GNU Lesser General Public License v3.0
0 stars 0 forks source link

annual_temperature_summaries not returning data #47

Closed ChrisMarsh82 closed 8 months ago

ChrisMarsh82 commented 1 year ago

params: { "country": "zm", "station_id": "01122", "summaries": [ "mean_tmin" ] } error: Error in total_temperature_summaries(country = country, station_id = station_id, : \n 'mean_tmin' has been given in summaries but no data is given in definitions json file.\n"

If station: 16 or test_1 is used error: Error: 'OrdDict' object has no attribute 'columns'"

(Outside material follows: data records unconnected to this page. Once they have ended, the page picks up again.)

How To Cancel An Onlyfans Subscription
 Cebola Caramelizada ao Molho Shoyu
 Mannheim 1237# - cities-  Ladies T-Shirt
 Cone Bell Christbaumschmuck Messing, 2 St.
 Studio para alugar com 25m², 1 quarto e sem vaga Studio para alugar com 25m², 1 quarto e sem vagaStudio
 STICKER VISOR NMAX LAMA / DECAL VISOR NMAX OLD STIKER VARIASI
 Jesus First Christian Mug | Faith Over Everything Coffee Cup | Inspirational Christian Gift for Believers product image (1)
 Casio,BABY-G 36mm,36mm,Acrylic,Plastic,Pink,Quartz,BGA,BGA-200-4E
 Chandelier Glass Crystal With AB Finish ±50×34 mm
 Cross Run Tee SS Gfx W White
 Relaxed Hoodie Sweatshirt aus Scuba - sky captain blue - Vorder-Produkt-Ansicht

lilyclements commented 1 year ago

@ChrisMarsh82

To error 1 Danny set up station 01122 as a dummy station before we had the Zambia data. This station does not have any temperature data in it, so the code will not work here. This is why there's an error there saying _" 'meantmin' has been given in summaries but no data is given in definitions json file.\n"" -- because there are no temperature columns. You'll find this for the other temperature functions with this data.

Two options

  1. You can add temperature data into the dummy data and test with that (I can't see the benefit to this!)
  2. You can test using our non-dummy Zambia data, or test_1

Would you suggest a better error message if that one wasn't meaningful for you?

To error 2 I am not able to replicate this error. How are you running it? If I do the following in R, it works -

season_start_probabilities("zm", "16")
lilyclements commented 1 year ago

@ChrisMarsh82 I checked the second error further, it seems to be an issue with Python. Is it read into Python ok? I know that Stephen would request things to be in a specific format for Python (e.g., see #9 where he requests integer columns for Month). From a quick scan, this seems to be in the right format from what he used to request, but, there might be something I'm missing.

ChrisMarsh82 commented 1 year ago

@lilyclements The second issue is a bit confusing. If mean_tmin and mean_tmax are requested then the query works fine if only mean_tmin is requested then, although the dataframe comes back it looks slightly different and rpy2 cannot read it. (this is true for the annual and monthly summaries)

This is how the working dataframe looks

# A tibble: 67 x 4
# Groups:   station_name [1]
   station_name  year mean_tmin mean_tmax
   <fct>        <int>     <dbl>     <dbl>
 1 LUNDAZI MET   1956      NA        NA
 2 LUNDAZI MET   1957      13.4      27.3

and this is the non working dataframe looks

$mean_tmin
# A tibble: 67 x 3
# Groups:   station_name [1]
   station_name  year mean_tmin
   <fct>        <dbl>     <dbl>
 1 LUNDAZI MET   1956      NA
 2 LUNDAZI MET   1957      13.4

There is an extra $mean_tmin

Not sure if this helps as it is just how python interprets it. I tried to see if I could trace differences in the R code and I did find this in climatic_summary.R (rpicsa)

if (length(elements) == 1 && 
      elements == "obsValue" && 
      "describedBy" %in% names(data)) {
    element_names <- as.character(unique(data[["describedBy"]]))
    data <- elements_wider(data, name = "describedBy", value = elements)
    elements <- element_names
  }

Not sure if this is anything but it does show a difference between sending in 1 element compared to 2

lilyclements commented 1 year ago

@ChrisMarsh82 could this be related to issue #40? That's been on my radar for far too long (so long that it fell off my radar). It looks like both these issues are reporting a problem with the listing output. I'll get to this this afternoon - I'm fairly positive this will help the problem!

lilyclements commented 1 year ago

@ChrisMarsh82 this should now be fixed. I accidentally did this on my main, not on my subbranch so I couldn't do a PR, but the fix is outlined here. Can you try updating your packages and going again?

To update your package in R:

devtools::install_github("IDEMSInternational/epicsawrap")

Let me know how you get on. Hopefully this issue can be closed.